Agent Bayes is an algorithm that replicates the process of automated classification (sometimes called ‘predictive analytics’) used for processing open source intelligence (OSINT) in Next Generation Information Access (NGIA) systems. NGIA systems automate the collection and analysis of data and produce reports. OSINT is intelligence collected from publicly available sources and may account for as much as 80% of the intelligence database. Agent Bayes evaluates Twitter posts and labels them as either suspicious or not suspicious in regards to national security threats. CSIA agents, or visitors to the site, can compare the algorithm’s decision to the original tweet and it’s associated metadata, and are invited to agree or disagree with the algorithm's decision. This feedback will be integrated into the algorithm to improve its accuracy. Agent Bayes is named after the Bayes theorem, the most common formula used by intelligence agencies for establishing the probability of an event.
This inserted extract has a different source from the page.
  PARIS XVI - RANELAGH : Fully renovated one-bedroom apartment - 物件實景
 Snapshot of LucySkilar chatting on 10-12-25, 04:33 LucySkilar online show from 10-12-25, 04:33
Supervised machine learning procedure for Agent Bayes
Agent Bayes uses a supervised machine learning classifying algorithm that is modeled after the data collection processes described in technical reports and documents that have been leaked or released through Freedom of Information Act requests. Creating Agent Bayes began by manually assembling a corpus of social media posts that were labeled either suspicious or not suspicious. Ambiguous posts were discarded. Next, the posts were broken down into their ‘feature vectors’, or individual measurable property. In this case, the feature vectors are the individual words that make up the posts. Stop words, or commonly used words such as ‘and’, ‘the’, and ‘is’, were removed. The feature vectors are then processed using Bayes’ theorem to find patterns of speech that occur the most frequently within each category—suspicious and not suspicious. The patterns form models against which new social media posts can be compared. The algorithm then labels the new posts based on their statistical similarity to the models. Visitors to the site can agree or disagree with Agent Bayes’ predictions and their feedback will be integrated into the classifier to improve its performance.
Participant reviewing social media posts at Science Gallery Dublin.
The Crowd-Sourced Classifier is a supervised machine learning classifer trained on Twitter posts that were manually labeled at Science Gallery Dublin during the SECRET exhibition. From August 8 until November 1, 2015, a CSIA terminal was available for visitors to evaluate Twitter posts. The Crowd-Sourced Classifer is made from the over 14,000 posts that were labeled during that time. The decisions of the Crowd-Sourced Classifier reflect the aggregated decisions made by visitors to the exhibition.